*Data for this task*.

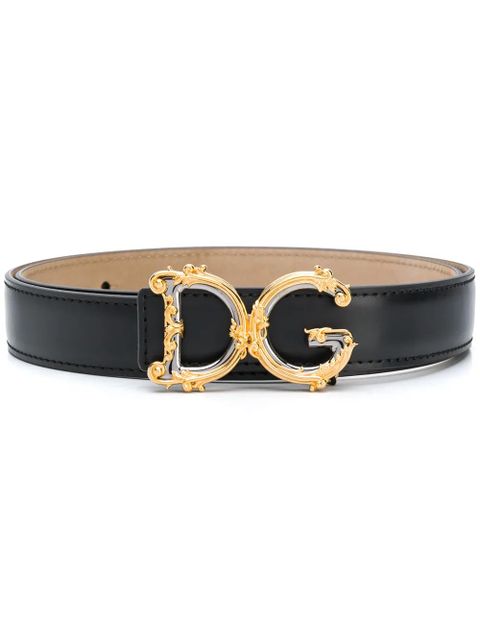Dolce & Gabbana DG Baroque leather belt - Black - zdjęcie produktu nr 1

...

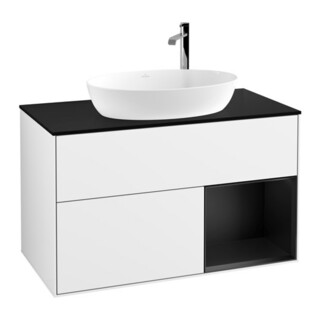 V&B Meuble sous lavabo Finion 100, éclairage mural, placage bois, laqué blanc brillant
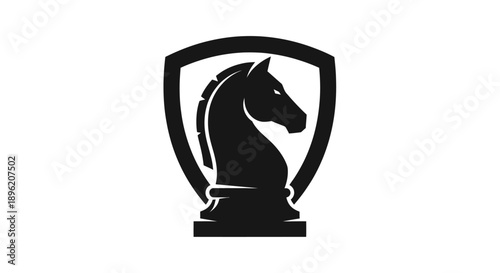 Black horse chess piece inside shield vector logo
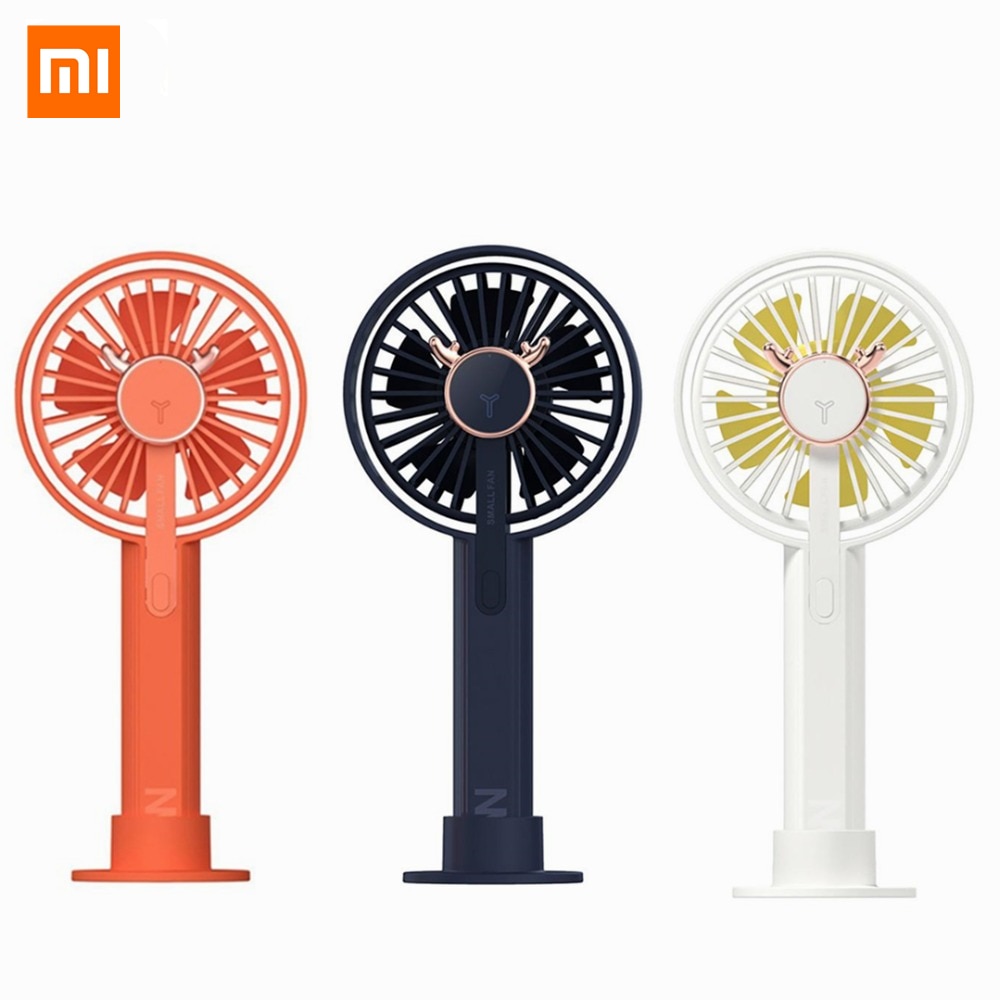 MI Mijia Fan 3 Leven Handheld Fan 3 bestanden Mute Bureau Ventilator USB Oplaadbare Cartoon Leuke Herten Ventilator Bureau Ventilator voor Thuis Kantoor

*Exercise objective*.
Within these entries, output exactly the lines starting at the one with "V&B Meuble sous" and finishing at the one with "MI Mijia Fan". Leave pictures out of the output.

*Final answer*.
 V&B Meuble sous lavabo Finion 100, éclairage mural, placage bois, laqué blanc brillant
 Black horse chess piece inside shield vector logo
 MI Mijia Fan 3 Leven Handheld Fan 3 bestanden Mute Bureau Ventilator USB Oplaadbare Cartoon Leuke Herten Ventilator Bureau Ventilator voor Thuis Kantoor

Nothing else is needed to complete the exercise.